> _TASK PROMPT_: Precise copying is required. Return the data below in full.

[DATA SEGMENT — start]

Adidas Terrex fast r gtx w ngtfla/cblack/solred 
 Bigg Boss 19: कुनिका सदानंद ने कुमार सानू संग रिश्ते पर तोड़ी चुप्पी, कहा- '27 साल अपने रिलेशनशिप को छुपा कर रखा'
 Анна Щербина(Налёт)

[DATA SEGMENT — finish]

> _SOLUTION_:
Adidas Terrex fast r gtx w ngtfla/cblack/solred 
 Bigg Boss 19: कुनिका सदानंद ने कुमार सानू संग रिश्ते पर तोड़ी चुप्पी, कहा- '27 साल अपने रिलेशनशिप को छुपा कर रखा'
 Анна Щербина(Налёт)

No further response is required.